According to a 2014 Baltimore Sun article by Jules Witcover, Nixon didn't admit his guilt until he was interviewed in 1983 by former White House aide Frank Gannon (played by Andy Milder in the film).

David Edelstein of New York wrote that the film overstates the importance of its basis, the Frost interviews, stating it "elevates the 1977 interviews Nixon gave (or, rather, sold, for an unheard-of $600,000) to British TV personality David Frost into a momentous event in the history of politics and media." Edelstein also noted that "with selective editing, Morgan makes it seem as if Frost got Nixon to admit more than he actually did." Edelstein wrote that the film "is brisk, well crafted, and enjoyable enough, but the characters seem thinner (Sheen is all frozen smiles and squirms) and the outcome less consequential."

Writing for the conservative National Review, Fred Schwarz, who deemed the Frost/Nixon interviews "a notorious fizzle", commented that, the film "is an attempt to use history, assisted by plenty of dramatic license, to retrospectively turn a loss into a win. By all accounts, Frost/Nixon does a fine job of dramatizing the negotiations and preparation that led up to the interviews. And it’s hard to imagine Frank Langella, who plays a Brezhnev-looking Nixon, giving a bad performance. Still, the movie’s fundamental premise is just plain wrong." Though generally approving, critic Daniel Eagan notes that partisans on both sides have questioned the accuracy of the film's script.

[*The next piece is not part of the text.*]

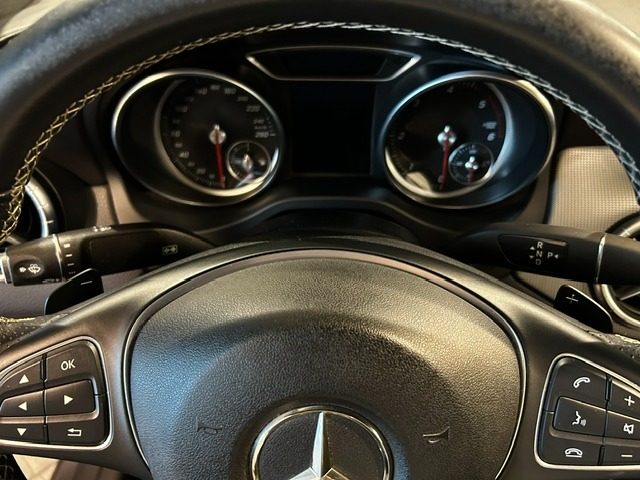 MERCEDES-BENZ CLA 200 usata, con Controllo automatico clima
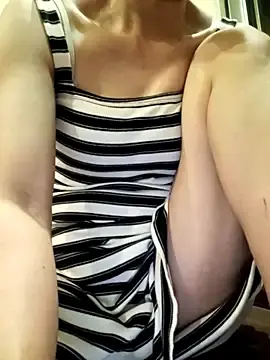 Lyly-6868  live sex cam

Caroline Cushing Graham, in a December 2008 interview, noted that her first trip with Frost was to the Muhammad Ali fight in Zaire, and that the two had been together for more than five years prior to when the film shows the two meeting. She remembered Frost as feeling that he did a pretty good job on every interview, whereas the film depicts him feeling he did a poor job with the first two interviews. She added that while the movie shows Frost driving, in fact they were always chauffeured because he was always making notes for the work he was doing.

Diane Sawyer, portrayed in the film in her role as one of Nixon's researchers, said in December 2008 that, "Jack Brennan is portrayed as a stern military guy," citing both the play and what she'd heard about the film version. "And he’s the funniest guy you ever met in your life, an irreverent, wonderful guy. So there you go. It's the movies."